RE: X-post re Bathroom showers

Yikes! Not sure which is more surprising the cost or the long timeframes for quotes and fabrication. I guess if they are busy...

It is a great look. If you didn't do a true divided light do you think it would be easier to do?

RE: X-post re Bathroom showers


I was willing to forgeo true divided light, which I am sure would lower the cost, but it really can't be done. If you just adhere a grid to the glass, you will see the wrong side and the glue when you are inthe shower. If you put a grid in the shower, you will have a big maintenance issue.

RE: X-post re Bathroom showers

Have you considered etching the grid pattern into the shower glass?

RE: X-post re Bathroom showers

Hi Suero,

Yes, thanks, but I don't think that will give the look I want. I think it might look even more modern. It is a 1906 house and I wanted it to look like the windows do...

RE: X-post re Bathroom showers

Have you looked at architectural salvage for greehouse walls or doors? Or a new greenhouse wall? Or double glass with a grid in between?

Would DH be less opposed to the curtain idea if you built in a cubbie where it stayed hidden when dry?

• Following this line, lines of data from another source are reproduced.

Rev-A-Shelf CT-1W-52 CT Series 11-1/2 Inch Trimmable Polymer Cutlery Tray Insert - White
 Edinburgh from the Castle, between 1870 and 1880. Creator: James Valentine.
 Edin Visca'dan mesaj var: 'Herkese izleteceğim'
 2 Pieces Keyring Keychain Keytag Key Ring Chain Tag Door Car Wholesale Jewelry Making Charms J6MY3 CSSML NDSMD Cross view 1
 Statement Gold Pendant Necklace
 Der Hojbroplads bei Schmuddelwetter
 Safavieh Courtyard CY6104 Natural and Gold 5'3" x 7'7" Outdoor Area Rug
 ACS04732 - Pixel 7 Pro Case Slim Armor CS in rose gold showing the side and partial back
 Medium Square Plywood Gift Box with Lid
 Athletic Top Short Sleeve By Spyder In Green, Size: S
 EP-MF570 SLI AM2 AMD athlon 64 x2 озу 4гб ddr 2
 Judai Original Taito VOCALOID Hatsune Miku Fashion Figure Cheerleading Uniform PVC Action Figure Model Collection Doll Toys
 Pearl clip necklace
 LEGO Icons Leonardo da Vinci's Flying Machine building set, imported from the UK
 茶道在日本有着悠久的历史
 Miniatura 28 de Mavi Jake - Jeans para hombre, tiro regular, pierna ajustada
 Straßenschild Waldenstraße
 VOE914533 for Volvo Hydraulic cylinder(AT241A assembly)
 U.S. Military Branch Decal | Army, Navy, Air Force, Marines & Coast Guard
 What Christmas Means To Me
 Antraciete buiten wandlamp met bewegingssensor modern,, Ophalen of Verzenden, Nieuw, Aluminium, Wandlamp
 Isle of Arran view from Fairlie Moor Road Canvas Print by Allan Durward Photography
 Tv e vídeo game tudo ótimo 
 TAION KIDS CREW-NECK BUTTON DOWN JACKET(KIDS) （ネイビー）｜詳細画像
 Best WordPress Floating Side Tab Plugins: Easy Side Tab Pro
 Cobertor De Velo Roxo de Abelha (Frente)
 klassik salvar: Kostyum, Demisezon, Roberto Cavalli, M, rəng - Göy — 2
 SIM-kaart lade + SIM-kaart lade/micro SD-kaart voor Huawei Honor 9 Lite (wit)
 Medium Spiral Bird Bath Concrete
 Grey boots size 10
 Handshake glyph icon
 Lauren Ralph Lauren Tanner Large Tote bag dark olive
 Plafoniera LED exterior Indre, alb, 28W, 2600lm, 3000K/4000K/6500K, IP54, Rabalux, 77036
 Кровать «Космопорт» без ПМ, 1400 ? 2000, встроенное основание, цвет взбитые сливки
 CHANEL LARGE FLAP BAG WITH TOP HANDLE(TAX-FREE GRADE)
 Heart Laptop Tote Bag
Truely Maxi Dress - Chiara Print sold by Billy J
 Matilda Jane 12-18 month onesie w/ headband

RE: X-post re Bathroom showers

Wracking my brains here... a nautilus-shaped shower, perhaps with the entry curved area made with an interesting metal? No door needed and you could put a big window in a wall of the shower proper to let in light. Copper seems the perfect material for the era.

Looking at your inspiration photo, it occurred to me that perhaps you could try talking to a local wrought iron shop about manufacturing the frame and door. I wonder if their frame for the two walls would be less expensive. I know that I was pleasantly surprised at the cost of my porch railing some years ago. As for the glass, how could you keep the glass clean if it had divided lites inside the shower? Would it really be that horrible to have a solid wall of glass inside and the pattern made of metal or wood outside? With a clever installation, there would be no glue or other adhesives mucking up the back side of the grid, and the white metal or wood would be finished on the backside in order to have a clean appearance from inside the shower. You can do this by having the metal frame with divided lights be supported independently and hang the glass walls from the solid walls as you would for a frameless one. Just have the metal framework made so that it hides the glass supports.

I am also contemplating some kind of roller shade look outside your glass. I think all those divided lites are making me think of a porch. Or shutters. This is a cottage, right? Shutter doors on the open wall instead of the curtain your husband does not like?